Image-caption web data:
= = = =

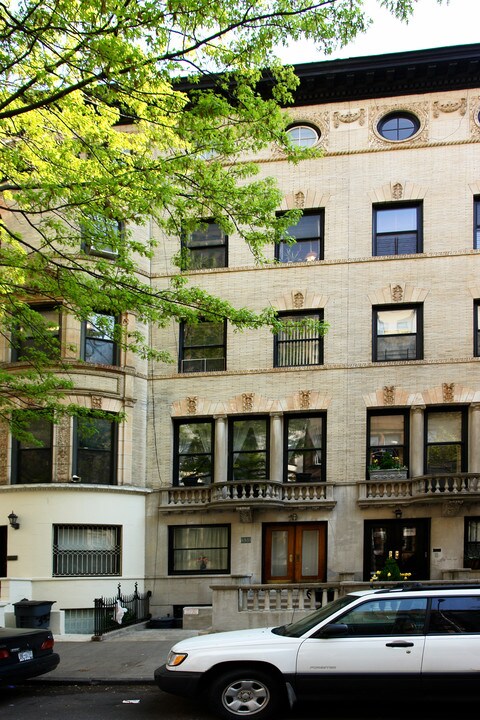 331 W 87th St in New York, NY - Building Photo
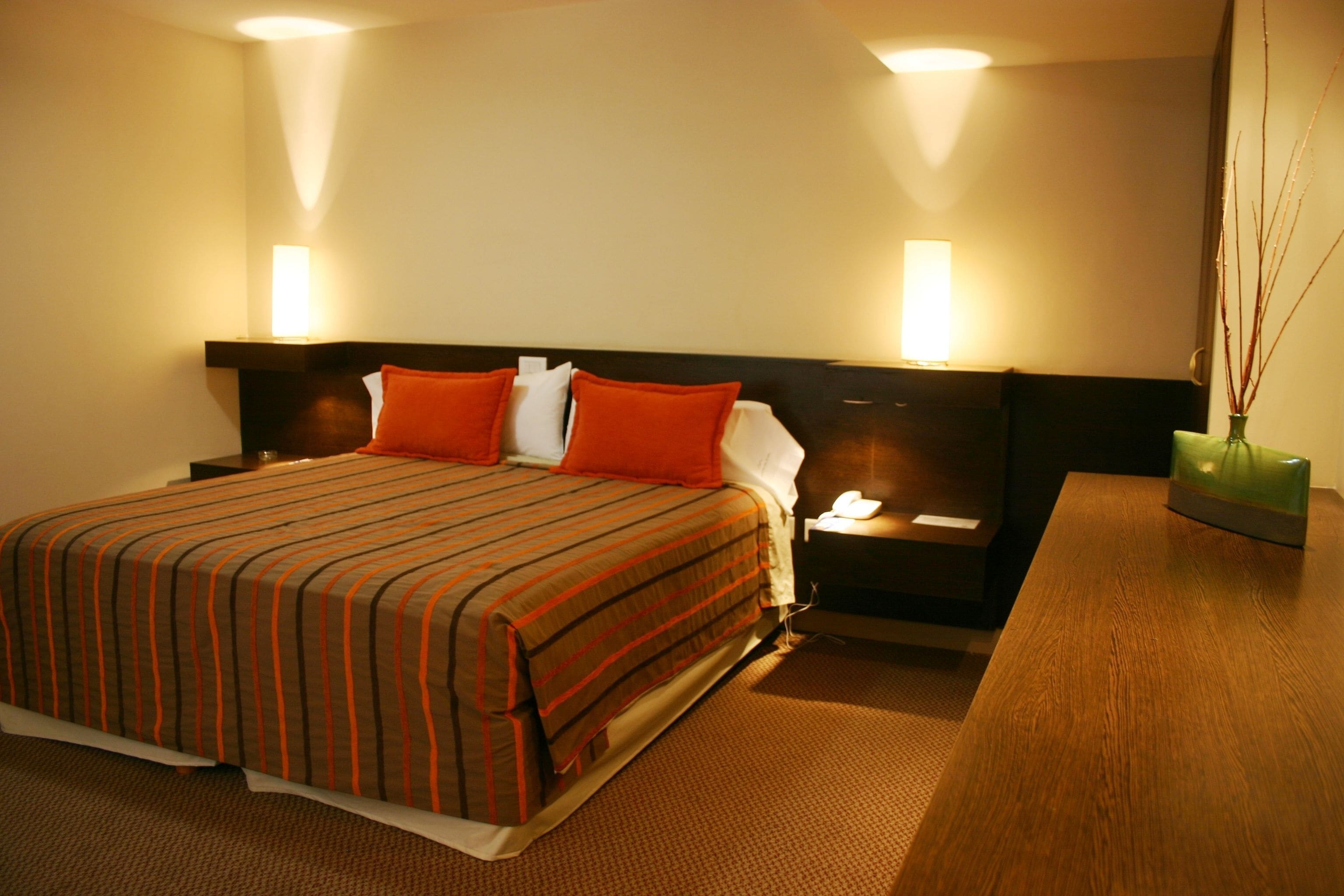 Deluxe tweepersoonskamer | Een kluis op de kamer, gratis babybedden, gratis wifi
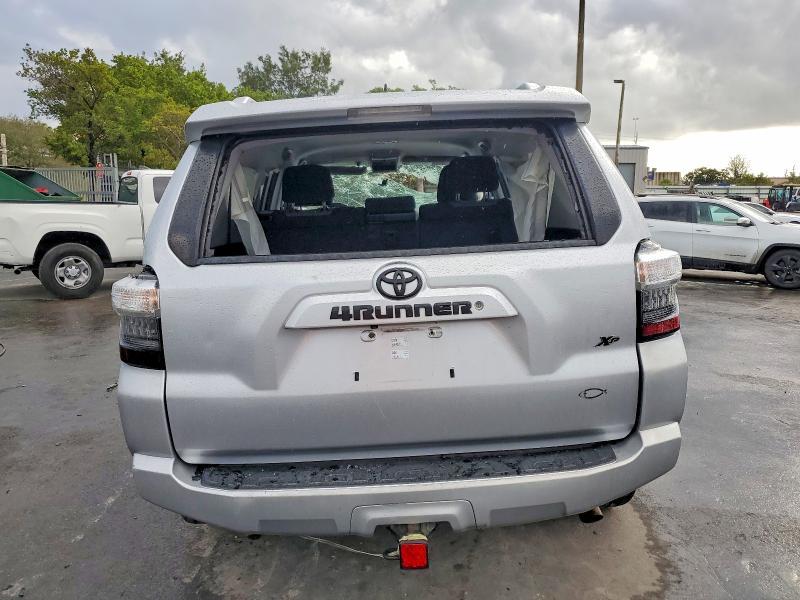 2016 Toyota 4runner SR5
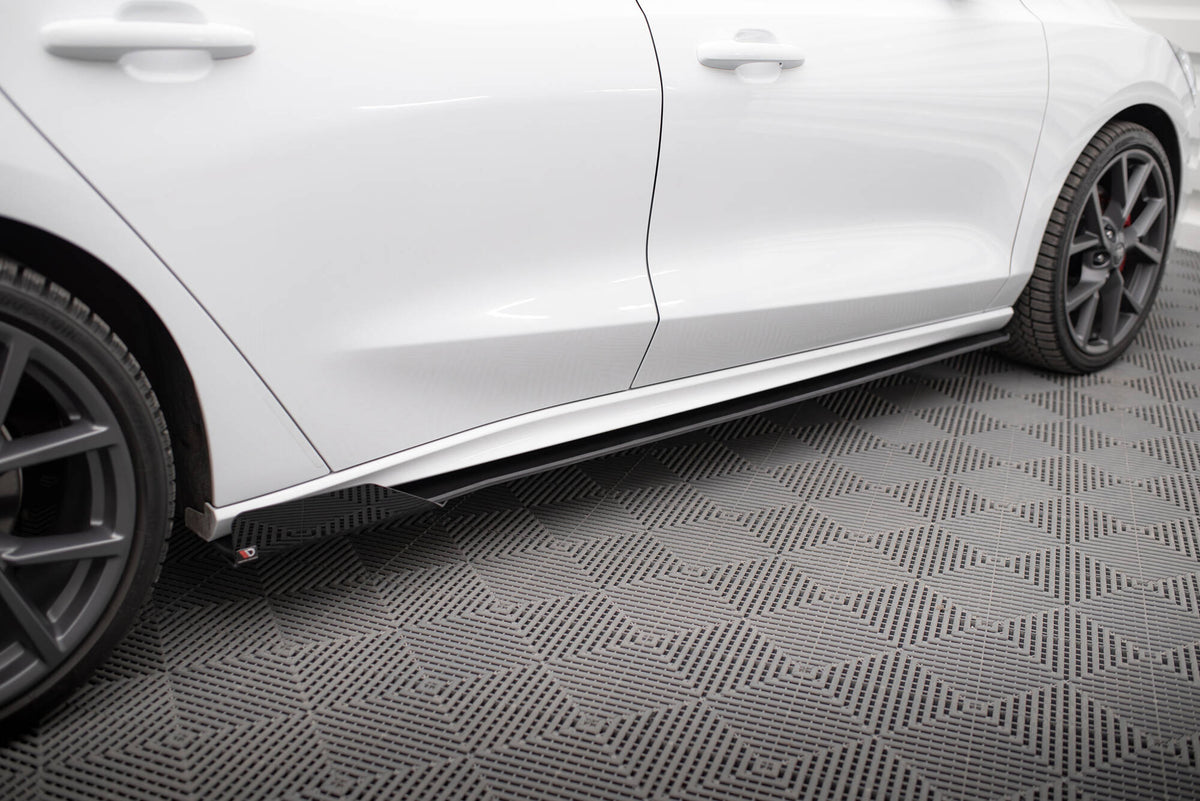Street Pro Street+ Seitenschweller Leisten + Flaps passend für Ford Focus ST / ST-Line Mk4 schwarz Hochglanz – Ansicht 3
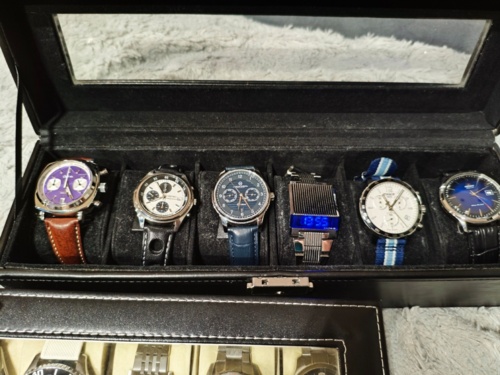 Per @jajkosadzone request, wrzucam moją kolekcję #zegarki Od dwoch lat nie kupuje kolejnych bo sa inne wydatki niż - Marcowy_Kot - Hejto.pl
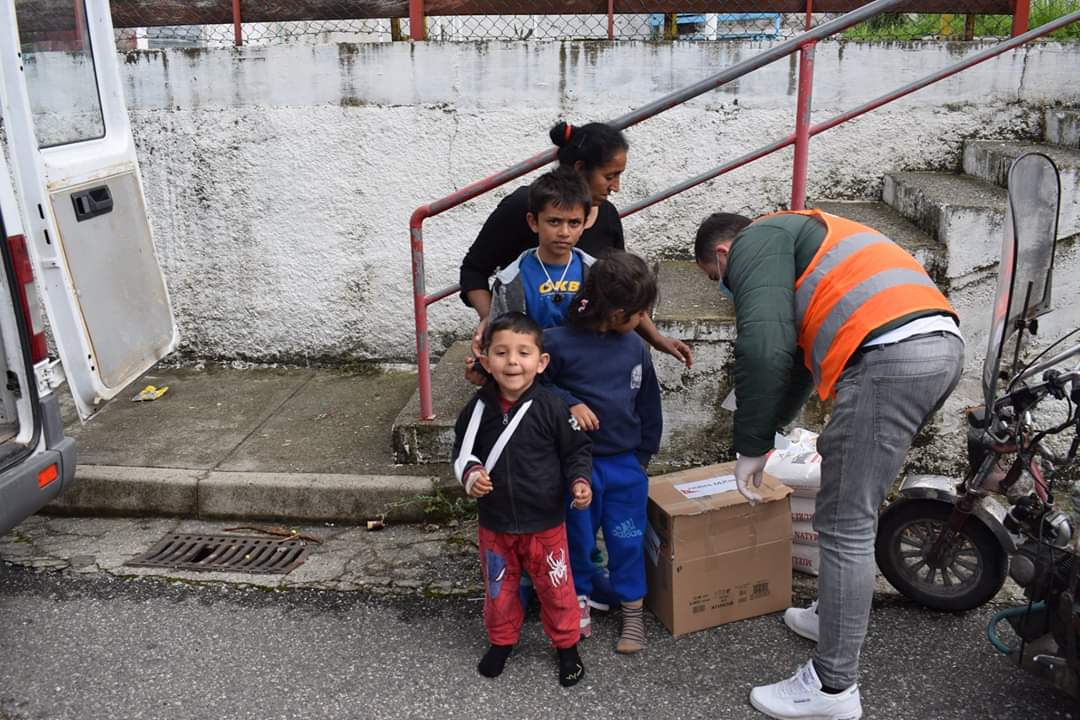 WVAlbania's tweet photo. Pandemia e #COVID_19, po i përball #familjet shqiptare, veçanërisht ato në nevojë, me vështirësi të tejskajshme. 3677 familje, ose 15,984 të rritur dhe #fëmijë janë mbështetur aktualisht nga World Vision në Shqipëri, në 14 #bashki.
Lexo:https://t.co/xqyzaRvuRI
#Forcojmëfamiljen https://t.co/lzHnpJRQ0T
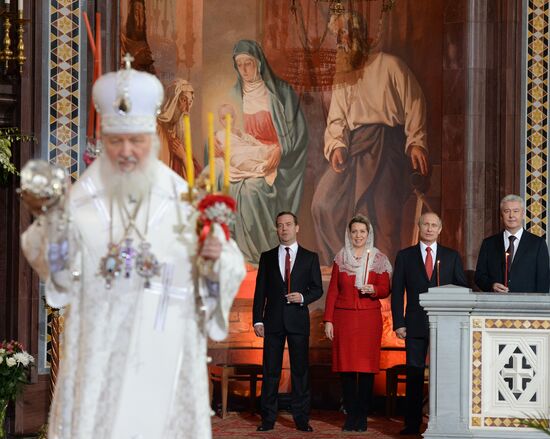 Vladimir Putin and Dmitry Medvedev attend Orthodox Easter service at Cathedral of Christ the Savior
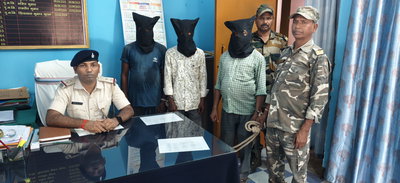 Ramgarh News :  पुलिस का विशेष अभियान, 13 अपराधी गिरफ्तार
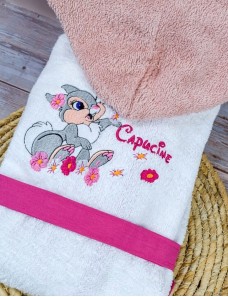 Peignoir bébé et enfant personnalisé avec prénom ou texte brodé.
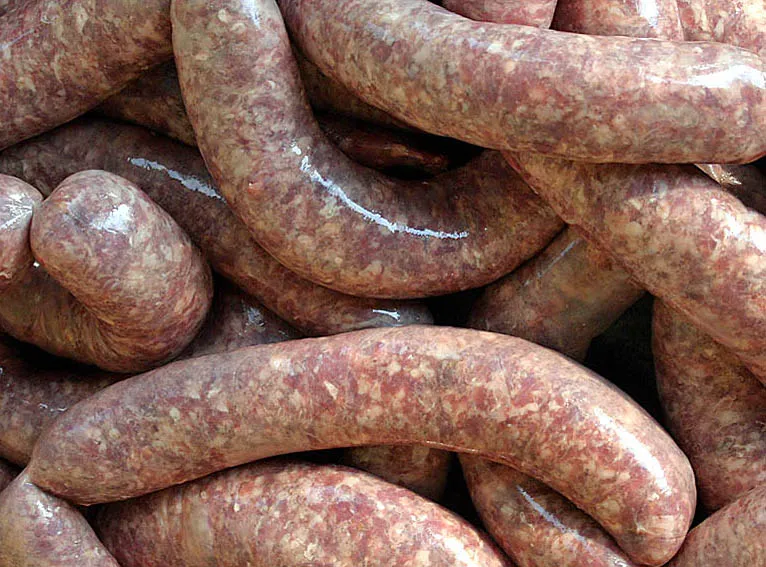 Zobacz, co siedzi w kiełbasie z marketu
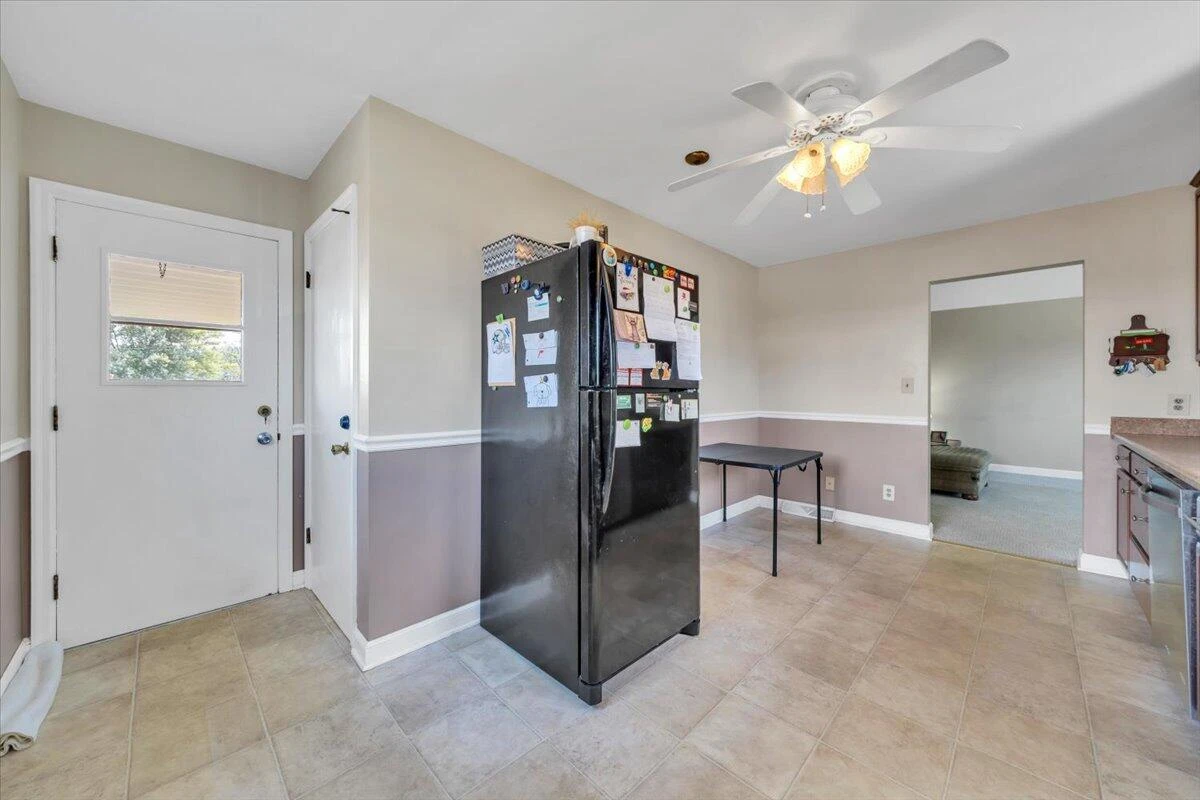 5531 Littleton RD - Photo 8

= = = =

• Instructions to follow
Reproduce all the entries above exactly. Include no images.

• Answer section
 331 W 87th St in New York, NY - Building Photo
 Deluxe tweepersoonskamer | Een kluis op de kamer, gratis babybedden, gratis wifi
 2016 Toyota 4runner SR5
Street Pro Street+ Seitenschweller Leisten + Flaps passend für Ford Focus ST / ST-Line Mk4 schwarz Hochglanz – Ansicht 3
 Per @jajkosadzone request, wrzucam moją kolekcję #zegarki Od dwoch lat nie kupuje kolejnych bo sa inne wydatki niż - Marcowy_Kot - Hejto.pl
 WVAlbania's tweet photo. Pandemia e #COVID_19, po i përball #familjet shqiptare, veçanërisht ato në nevojë, me vështirësi të tejskajshme. 3677 familje, ose 15,984 të rritur dhe #fëmijë janë mbështetur aktualisht nga World Vision në Shqipëri, në 14 #bashki.
Lexo:https://t.co/xqyzaRvuRI
#Forcojmëfamiljen https://t.co/lzHnpJRQ0T
 Vladimir Putin and Dmitry Medvedev attend Orthodox Easter service at Cathedral of Christ the Savior
 Ramgarh News :  पुलिस का विशेष अभियान, 13 अपराधी गिरफ्तार
 Peignoir bébé et enfant personnalisé avec prénom ou texte brodé.
 Zobacz, co siedzi w kiełbasie z marketu
 5531 Littleton RD - Photo 8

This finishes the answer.